Coming out of the deep 2008-09 recession, the October 2009 Fed beige book described wage pressure as “subdued.” By contrast, this month’s beige book reported shortages of truck drivers; entry-level, low-wage and skilled workers; child-care and information-technology staff.

One Florida fast-food franchisee is paying applicants $50 just to show up for a job interview for an entry-level job offering $12 an hour ($3 above minimum wage), and is considering upping that wage to $13.

The government has been over-spending on stimulus money. Most of that money (about 75%) is being saved or used to pay down debt, according to a study by The Federal Reserve Bank of New York.

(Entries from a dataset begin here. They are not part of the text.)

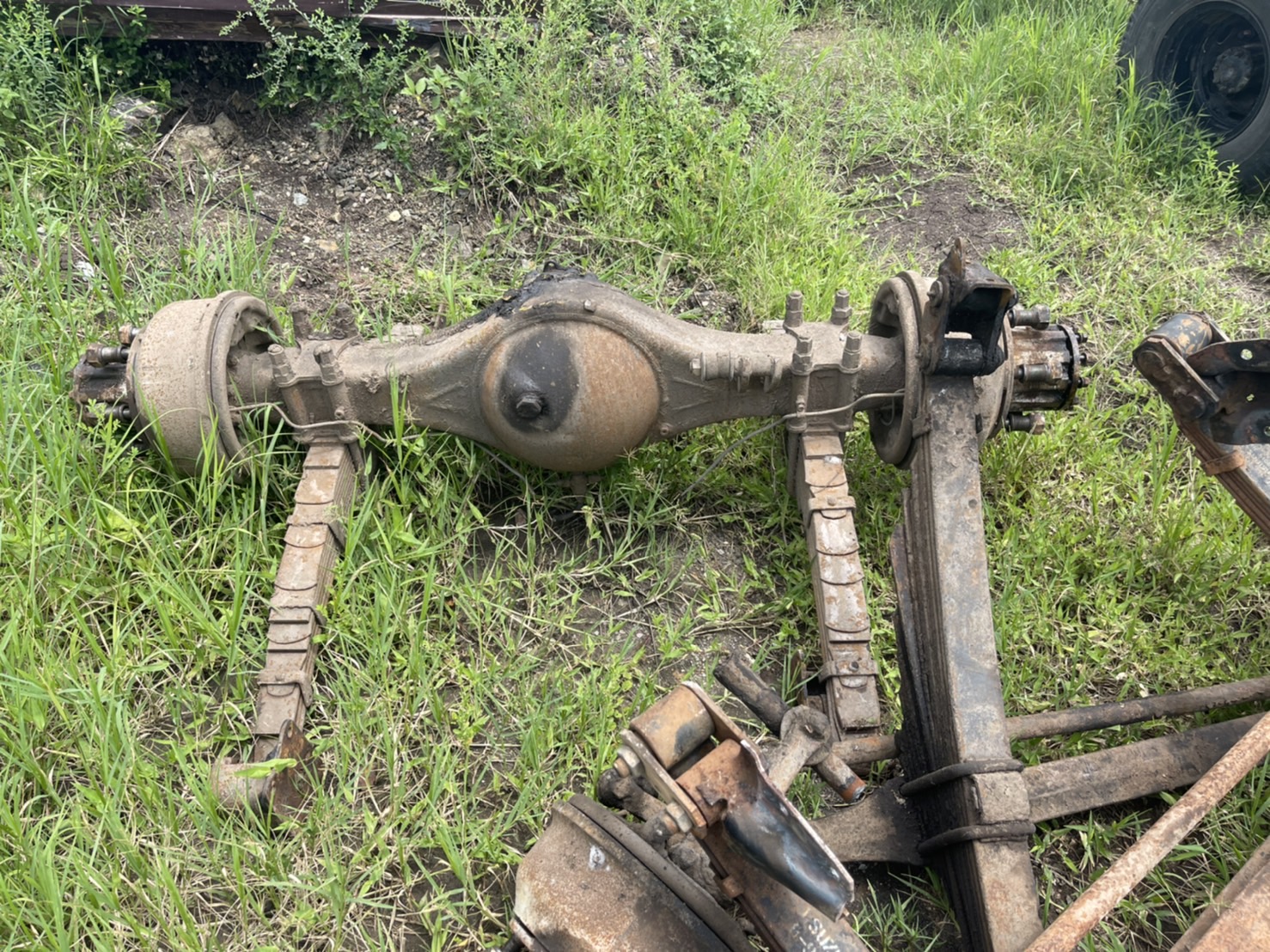 เพลาF ISUZU 6น็อต พร้อมแหนบ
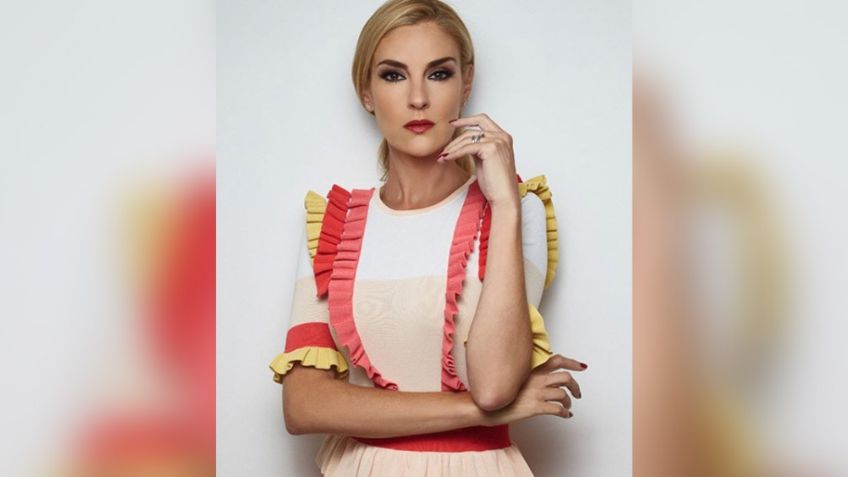 ¡Señora! A sus 48 años, Chantal Andere se luce con espectacular vestido rojo en Instagram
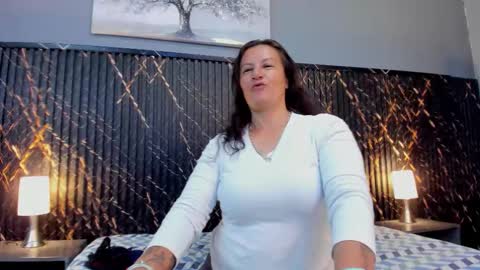 Snapshot of alice_h4rt chatting on 11-09-25, 02:15 Alice online show from 11-09-25, 02:15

This means that there is still plenty of spending power to fuel a stock market surge along with the record $7.4 trillion (annual rate) we spent during March. That’s up 28% (year-over-year) vs. the $5.8 trillion rate last March – a month split down the middle, pre- and post-lockdown.

FOMC Notes

Notably, yesterday’s FOMC statement said the feds want the U.S. economy to make “substantial further progress” towards their goal of maximum unemployment and 2% average inflation before starting to reduce their bond purchases (i.e., quantitative easing).  The Fed will likely allow inflation to rise to 2.4% based on the Personal Consumption Expenditure but the FOMC may not want discuss tapering before next year’s 2022 mid-term elections.  Overall, the FOMC statement and Fed Chairman Jerome Powell’s press conference just confirmed that we remain in a “Goldilocks” environment of strong economic growth and ultralow key interest rates!

The Federal Reserve’s balance sheet has reached $7.82 trillion at last count. Expanding at roughly $120 billion a month, it will be over $8 trillion by the end of this quarter, if the Fed’s bond purchases remain on target.

Regarding Biden’s state of the union address, it is appears to me that President Biden is asking for a lot as a negotiation ploy with Congress.  Notably, Joe Manchin was “stretched out” in the back, looking at his phone as President Biden addressed his proposed tax increases on capital gains and wealthy Americans.  Senator Manchin is viewed as a swing vote and has already not cooperated with the Biden Administration’s proposed increase in corporate taxes from 21% to 28%.  I believe 25% is the most traffic will bear.